= Mathias Herrmann =

German actor

Mathias Herrmann (born 16 July 1962 in Friedberg, West Germany) is a German television actor.

==Career==
He studied acting from 1983 to 1986 at the rewarded Otto-Falckenberg-School in Munich. Parallel to his studies he already played at the Munich Kammerspiele. His film debut he had given in 1987 in 	Ralf Huettner's successful movie The Girl with the Lighters.
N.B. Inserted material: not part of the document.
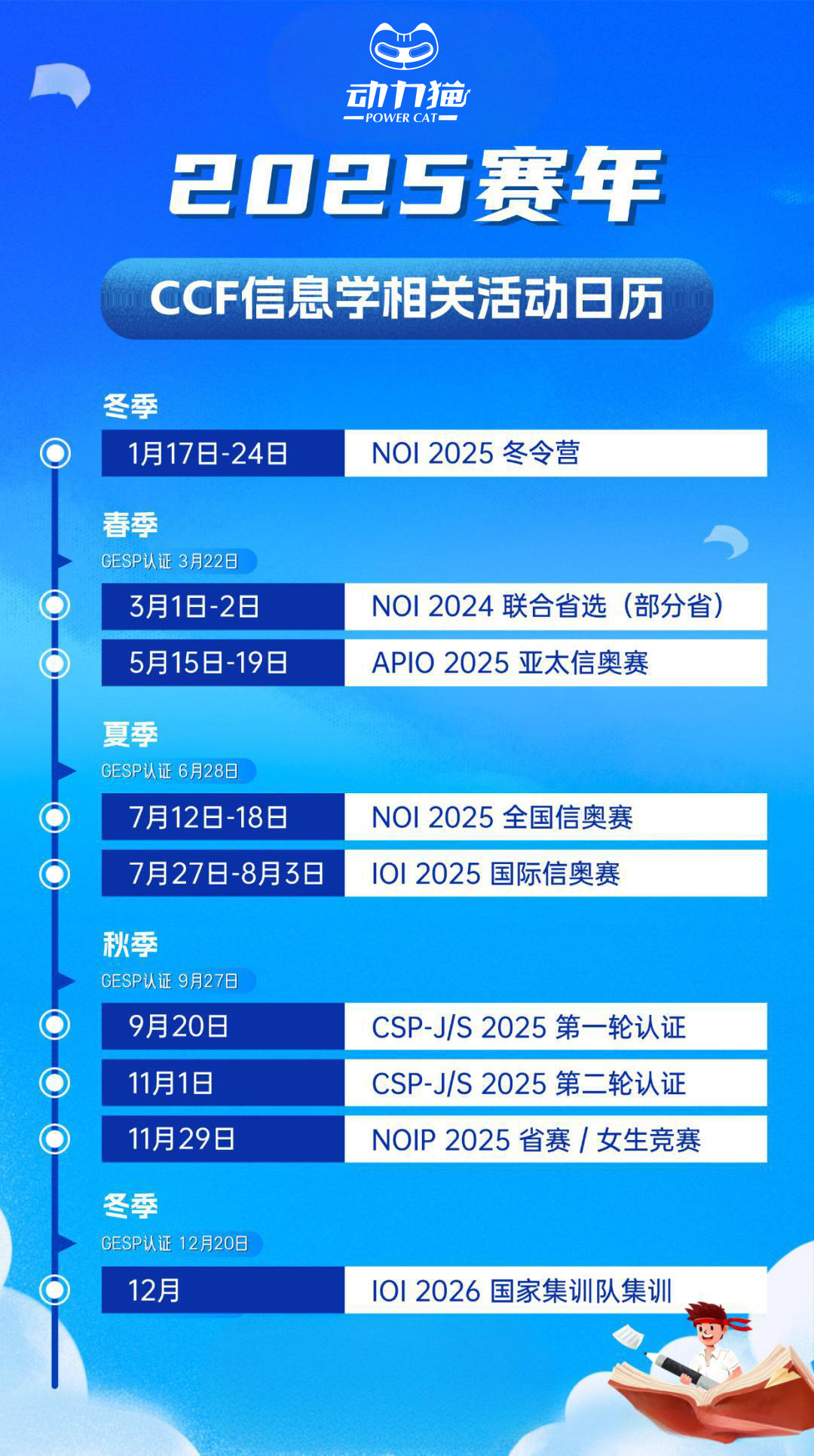 2025赛季NOI
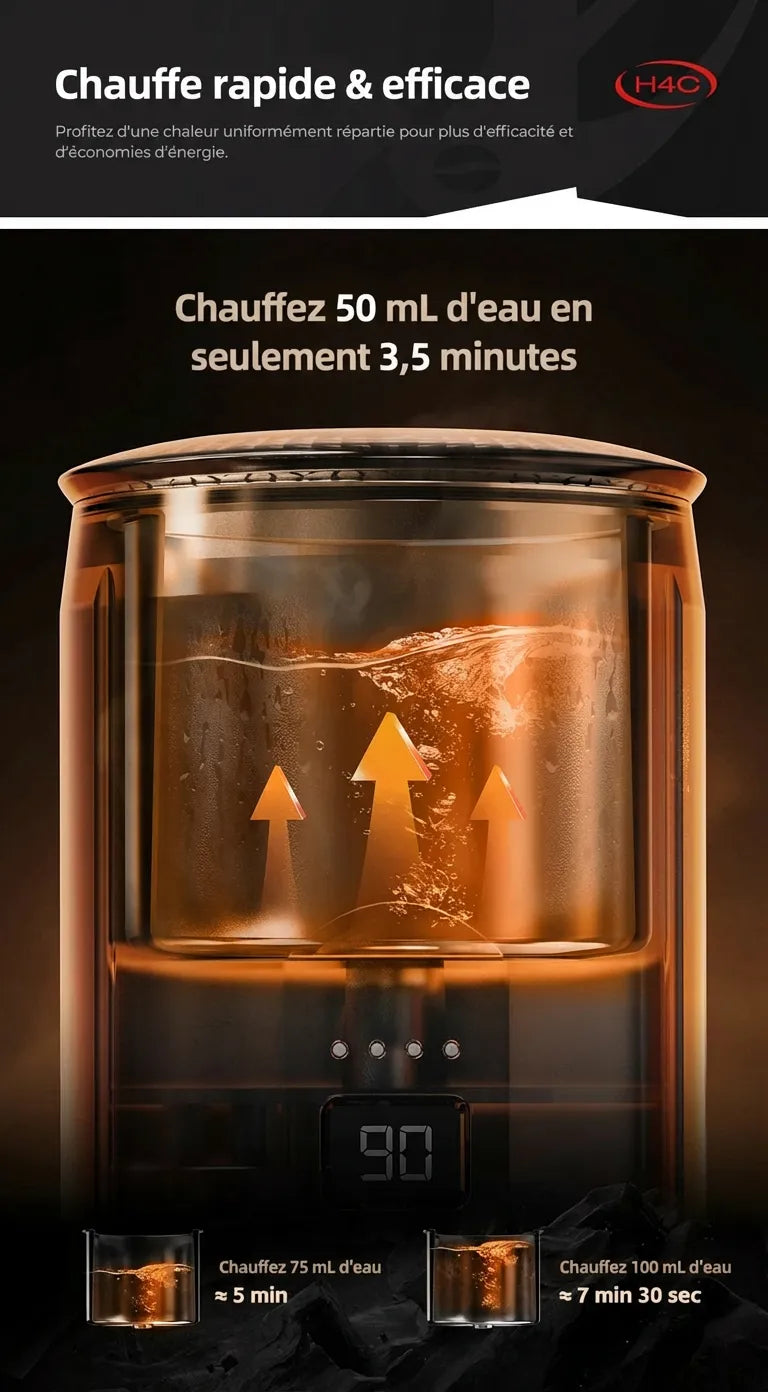 Illustration de la chauffe rapide et efficace de l'eau par la machine HiBREW H4C.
After this, he had many engagements at theatres in Bremen, Bonn, Mannheim and Basel, where he played many leads in which he excited the audience, a.o. Prinz von Homburg, Clavigo, Der Stellvertreter and Ghetto. He got international attention with the lead role of captured German soldier Beck in the Dutch WW2 series De Partizanen (The Partisans), which received many awards and was nominated for an emmy. Shortly after this he also had a successful outcome in television in the ZDF series Ein Fall für Zwei. Millions of people were watching him in the role of Dr. Johannes Voss.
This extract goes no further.